Thus equipped, Rezanov’s little expedition bowled along the beaten earth of the Royal Road from St Petersburg to Moscow reserved for government traffic and persons of quality bearing special passports. Lesser subjects trundled and plodded with their carts and nags along the road’s rutted verges. At Moscow they joined the stream of humanity and merchant carts on the Trakt, the great road which linked European Russia to Siberia – not really a road at all in the modern sense, but a wide swathe of sandy tracks criss-crossing the flat farmland and pasture, dotted with clutches of peasant izbas – log houses – clustering around the stumpy bell towers of churches.
Rezanov had travelled before, of course, on manoeuvres with the Izmailovsky Guards, but it was here on the Trakt, as it passed through the Volga towns of Nizhny Novgorod and Kazan and on into the emptiness of the steppes, that the bustle and traffic of Russia proper fell away and Rezanov first tasted the true vastness of his own country. Even today, without the dust and the bedbugs and the saddle sores, the thieves and the smell of horse dung and unwashed bodies and the clouds of horseflies, travelling by road across Siberia is almost hypnotic. The monotony of the landscape lulls you into an almost metaphysical state where you become acutely aware of your own insignificance. You are a mere human speck, crawling slowly across the face of a great and barely-changing land.

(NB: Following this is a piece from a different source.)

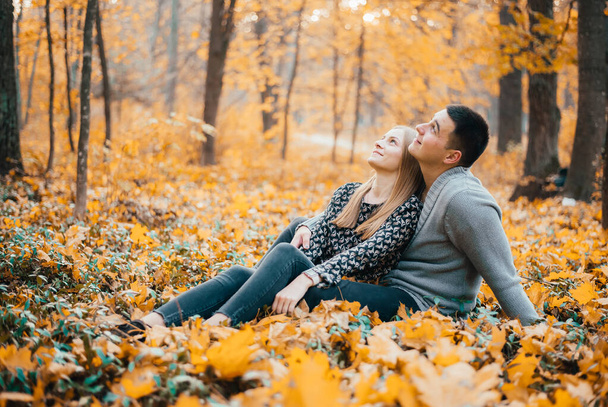 happy young couple sitting together on yellow leaves in autumn forest - 写真・画像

Shelikhov, with at least two months’ head start, had made excellent speed. By early May he was already in Irkutsk, with the monks lodged at his newly built house, where their gravity and piety made a great impression on Shelikhov’s six surviving children. Shelikhov’s aura of celebrity had never been stronger now that he was in the favour of the Empress.11 Irkutsk’s new governor Ivan Pil* issued an order echoing Catherine’s ukaz that Shelikhov’s venture was ‘useful to the State’.12 Pil also hurried to fulfil Catherine’s command to round up some colonists for the New World from ‘among the exiles’ – convicts for whom Irkutsk was an open prison to which they had been condemned for life. What Pil’s criteria were in recruiting men for Kodiak is not clear, but judging from the reluctant colonists’ later attempts to escape from, murder and rebel against their masters in the Company, it’s safe to say that the governor did not send his best people. Shelikhov had requested ‘skilled artisans’, and in this at least his request was honoured – Pil selected eleven convict blacksmiths, coppersmiths, carpenters and their families to live out the rest of their lives in the Kodiak colony.
Russia’s roads, such as they were, stopped at Irkutsk. Beyond lay rivers and trackless taiga – subarctic scrubland dotted with marshes and small trees. Shelikhov, his little party reprovisioned and shriven, set out in the early summer of 1794 as great sheets of ice on Lake Baikal buckled and the floes jostled down the River Lena as it flowed northwards to Yakutsk, 800 miles to the north. The monks and their reluctant new flock, along with their equipment and supplies, were piled onto a flotilla of flat river barges of a design pioneered by the first Cossack settlers of Siberia. For two weeks the barges were punted, rowed and towed by sailing skiff up the 450-mile-long western shore of Baikal, the party camping every night on stony beaches on the edge of the forest. Local tribesmen – Buryats, then Lamuts and Tungus – would shyly emerge as the smoke of the party’s cooking fires curled into the spring air to trade game for chunks of the Russians’ tea bricks and hard bread. A two-day portage then brought them to the head of the Kirenga River, a tributary of the Lena, and from there the boatmen left the little flotilla to drift with the river’s flow. They were carried north at the river’s sedate pace, fending off flat islands in the stream and the riverbanks with long poles. They were in the hands of nature now, the land and the water pushing them forward relentlessly, further into the wild.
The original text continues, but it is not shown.